10.3.13 In so far as the future value of pension under NPS is concerned, the Commission notes that this would depend upon a combination of factors: (i) performance of the invested fund, which in turn would depend on the asset mix of the investment and general economic situation of the country, (ii) cost of financial intermediation, (iii) contribution rates, (iv) period of contribution, (v) performance of the fund manager and (vi) development of the annuity market.

Analysis of the Asset Mix of Investments
10.3.14 On asset mix of the investment, the pension funds, the world over, are invested in different assets including government and corporate bonds, equities, foreign securities etc. government bonds are generally the lowest risk and lowest yield. Corporate bonds and equities are higher risk and higher     yield. Typically, systems use a mix of at least two types of assets– Government Bonds and Corporate Bonds/Equities.

10.3.15 As per the investment guidelines stipulated by the government for Central Government employees under NPS, up to 55 percent can be invested in government bonds, up to 40 percent
in corporate debt securities, up to 15 percent in equities and up to 5 percent in money market instruments. International experiences on asset mix vary across countries which have adopted the DCS.

10.3.16 The Commission notes that an innovative approach to investment under the DCS is the Life Cycle Approach. Under this, the asset mix of each individual changes based on his/her age. The underlying assumption under this approach is that younger workers are better able to absorb year on year volatility and therefore can undertake risk while older workers should reduce risk as they approach retirement.


10.3.17 A carefully selected asset mix is the sine qua non to higher returns. The Commission recommends that the investment choices under NPS be calibrated on a lifecycle approach and the choices be offered in a simple manner so that any lay person can understand and act accordingly. The Commission also recommends that government, in consultation with PFRDA, come up with different options for investment mix and provide subscribers a range of options.




Contribution Rates

10.3.18 In DCS, typically, the employees as well as the employers contribute towards a pension fund. As discussed earlier, the quantum of pension payouts would also depend upon the contribution rates. Higher the contribution rate, better would be the pension payouts. The contribution rates for both the employees and the employers vary across the globe. The Commission has received suggestions that the government’s contribution should be enhanced from the present 10 percent in aid of a higher payout under the NPS. Associations and individuals have made presentations before the Commission highlighting that forecasts suggest that a 10 percent contribution from government will not be adequate to provide reasonable post retirement financial security in all cases. The Commission, therefore, recommends that this important aspect should be re-examined in detail by an expert body for making course corrections if required.


Period of Contribution
10.3.19 The Commission notes that time is of the essence in building up a reasonable corpus and ensuring that effects of compounding are significant. It is therefore essential that contributions by individuals and corresponding contributions by government are made in time, and more importantly, are deployed without any loss of time. Any delays in this respect, particularly in the initial years can have a large impact on the eventual corpus.

2004-2011 Entrants
10.3.20 Government employees who have joined service between 2004 and 2011 have suffered due to delay in finalizing the structure of the NPS and the issue of detailed instructions. Although they have made regular contributions, in many cases, this money and/or counterpart contributions were not deployed in the market. In the case of AIS officers, some states are yet to release counterpart contributions or pay interest on delayed contributions. This has led to a situation where the accumulated corpus even after 11 years of service could be meagre. It is necessary that this situation which arose during the transition from OPS to NPS be addressed. The Commission therefore recommends that Central Governments and State Governments should, in a time bound manner, ensure that all the due contribution along with compounded interest, where contributions have been delayed, be deposited in the accounts of the beneficiaries. Advisories should be issued to the State Governments to deposit amounts, if not already done, in respect of NPS beneficiaries belonging to All India Services.
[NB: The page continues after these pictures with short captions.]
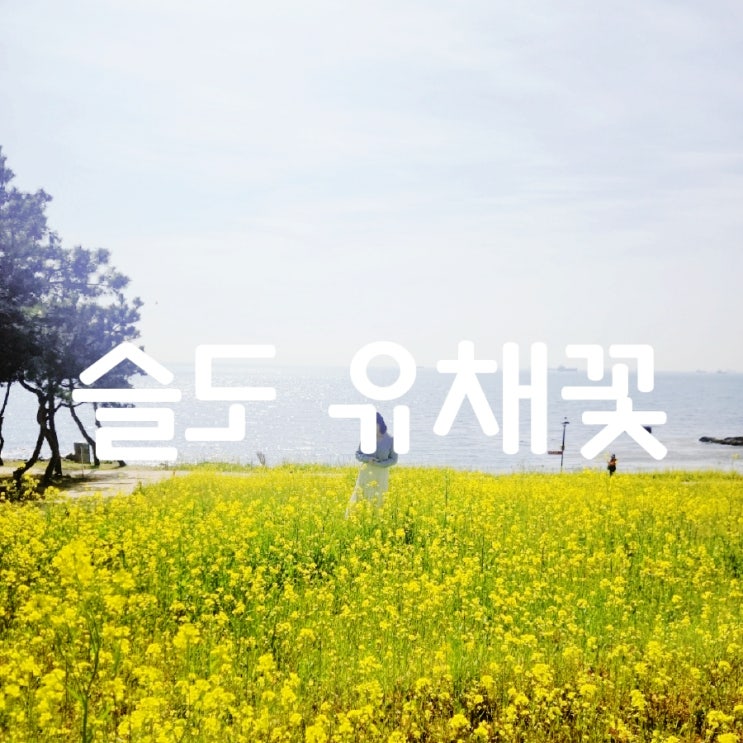  슬도 유채꽃 파도 소리 함께하는 여기는 울산(Feat.슬도 주차장, 대왕암 해안 산책로 코스)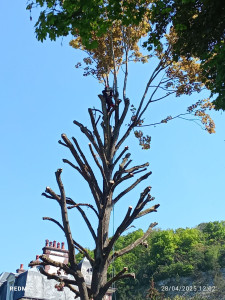 Photo de galerie - élagage d'arbre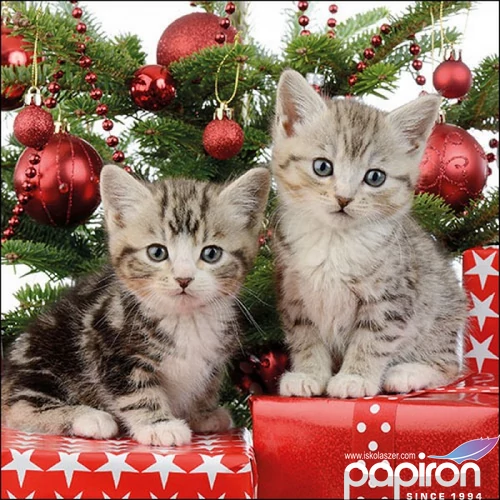 Szalvéta Ambiante Christmas Kitten papír papírszalvéta 33x33cm,20db-os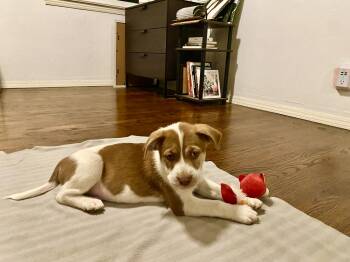 Rescue German Shepherd Dog Dogs for Adoption in Los Angeles, California - Fava | PetCurious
10.3.21 Many Association have pointed out that unlike the facility under GPF, it is not possible to make withdrawals under NPS, even to meet obligatory social expenditure. This forces employees towards increased indebtedness as they have to borrow from elsewhere.
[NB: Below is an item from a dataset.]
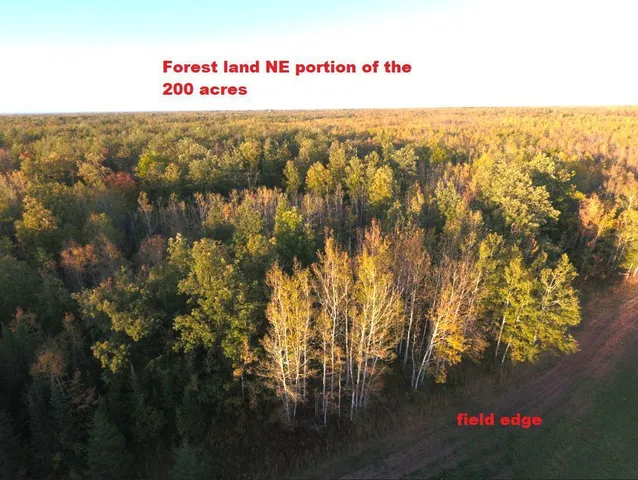 $589,000 | 12201 East Hakkala Road, Maple, WI 54854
10.3.22 The Commission notes that under the NPS Tier-I account, a subscriber is permitted to make partial withdrawal of twenty five percent of the contributions made to his/her individual pension account for certain specified purposes. Such withdrawals are permitted a maximum of three times during the entire tenure of subscription and a period of at least five years should have elapsed between two such withdrawals.
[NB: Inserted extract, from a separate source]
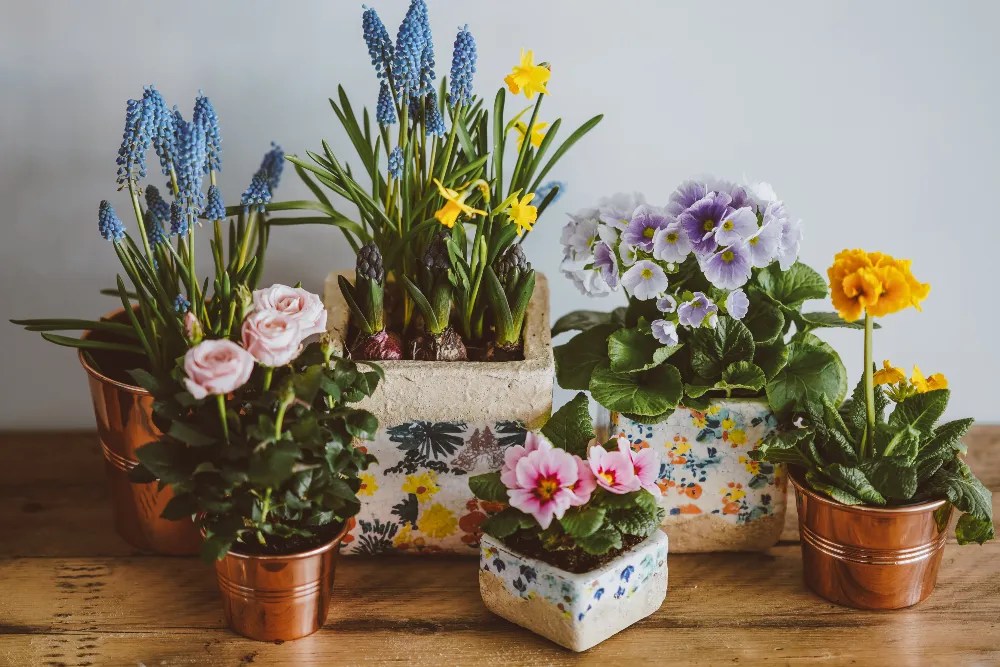 Copper spring container garden ideas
10.3.23 The Commission further notes that there exists a voluntary Tier-II account. Under this account, a subscriber can, at any time, withdraw the accumulated wealth either in full or part and there is no limit on such withdrawals provided the account has sufficient balance of accumulated pension wealth to cover the amount being withdrawn. However, the Tier-II account is yet to be made operational. The Commission therefore recommends that PFRDA should take steps to make the Tier-II accounts operational as early as possible to enable the NPS subscribers the facility of withdrawals from their accounts in case of requirement.


Transparency under NPS
10.3.24 Many associations and individuals have complained that the information relating to the NPS is inadequate, resulting in high degree of uncertainty in the minds of contributors about post-retirement benefits. The Commission noted that PFRDA sends a communication to every participant each month with the current pension wealth and the latest contribution that has been credited. The Commission recommends that focused efforts be made to capture email addresses and mobile numbers of subscribers so that seamless communication is ensured for all subscribers. The Commission recommends that consultation with stakeholders should also be held periodically in different parts of the country.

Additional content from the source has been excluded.